De alguma forma, senti que aquele dia amanheceu mais bonito, ou talvez, só mais feliz. Mesmo não tendo dormido desde as duas da manhã – quando acordara daquele sonho – parecia que nunca havia me sentido melhor. Eu não consigo mensurar o que cada um dos minutos daqueles vídeos fizeram comigo, foi como se, em meio à escuridão de uma noite fria, surgisse uma luz, como se a vida finalmente tivesse se enchido de cor. Não foi difícil nem mesmo sair do quarto naquele dia, Camila com certeza reparou que eu estava diferente dos outros dias, mais animada, posso dizer, pois, assim que me viu na sala, logo disse:

— Nos últimos dias você mal saía de dentro do quarto, e hoje já sai com esse sorriso?! O que aconteceu?

— O que aconteceu nos últimos dias, ou o que me fez sorrir hoje?

— As duas coisas.

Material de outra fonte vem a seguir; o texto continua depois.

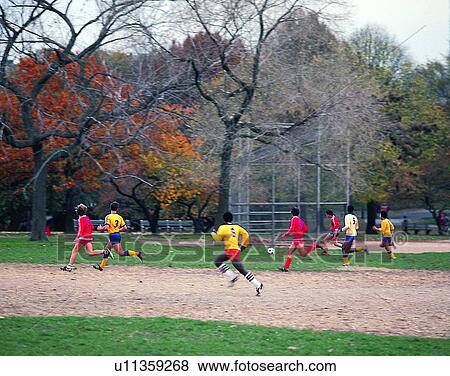 Stock Photo - sport, outdoors, soccer, football, park, field. Fotosearch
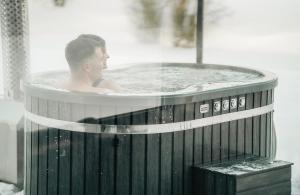 a man sitting in a hot tub in aysicalysicalysicalysicalysicalysicalysical at Privatus romantiškas namelis dviems prie vandens Šilalės rajone in Dirkintai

Tenho andado sem tempo, eu sei, e sinto muito, muito mesmo por isso. Mas acho que ainda posso saber, não?

— Passei por um momento ruim, mais um na verdade – ela ouvia, aparentando estar realmente curiosa – Então, eu conheci pessoas. Quero dizer, tecnicamente não as conheci de verdade, mal sei seus nomes e...

— Acho que entendi, elas te fizeram se sentir melhor. – assenti e ela continuou – Fico feliz por isso e me desculpa por não estar dispondo tanto de tempo.

— Não é culpa sua, sei que não é, mas obrigada por se preocupar, significa muito. – a abracei agradecendo, era verdade, mesmo depois que tudo havia passado, significava muito que ela, de alguma forma, se importasse.

— Saudades da nossa infância, quanto tínhamos tempo para tudo. A vida adulta só nos dá tempo para reclamar dela mesma. Mas, espera, quem são essas pessoas e porque você "tecnicamente não as conheceu"? – falou, fazendo aspas com os dedos.

— Foi pela internet, isso vai parecer bobo, mas ontem eu estava realmente mal e, resolvi sair à tarde antes que eu ficasse pior do que estava, e então acabei descobrindo um canal no YouTube que realmente mudou completamente como eu estava me sentindo.

— Espera, deixa eu entender: você saiu para caminhar ontem, e depois disso conheceu esse canal? – confirmei – O que exatamente uma coisa tem a ver com a outra?

— Eu descobri um Teatro, não muito longe daqui. Por favor, não me pergunte como nem porque fui parar lá. – ela riu baixo e então continuei – Eu não estava me sentindo muito bem, e um rapaz que estava lá perto achou que eu estava lá para assistir a um dos espetáculos, quando neguei, ele me recomendou que eu assistisse a esse canal e, bem, cá estou eu, pela primeira vez fazendo algo certo ao seguir o conselho de um estranho.

— Então, resumindo: você conheceu o Tuca e agora está se sentindo melhor por ter conhecido os Barbixas? É isso mesmo?

— Espera, você os conhece?

— Os assisti uma vez, já faz um tempo, fui em companhia de uma colega da faculdade que na época era fã deles. Sinceramente, na época não gostei muito, acho que não é o tipo de coisa que me atrai, mas fico feliz que eles tenham te mudado de alguma forma.

— Sabe o que é mais estranho? Eles são os homens daquela foto que achei no aeroporto assim que cheguei aqui, tecnicamente, já os conheço há um bom tempo.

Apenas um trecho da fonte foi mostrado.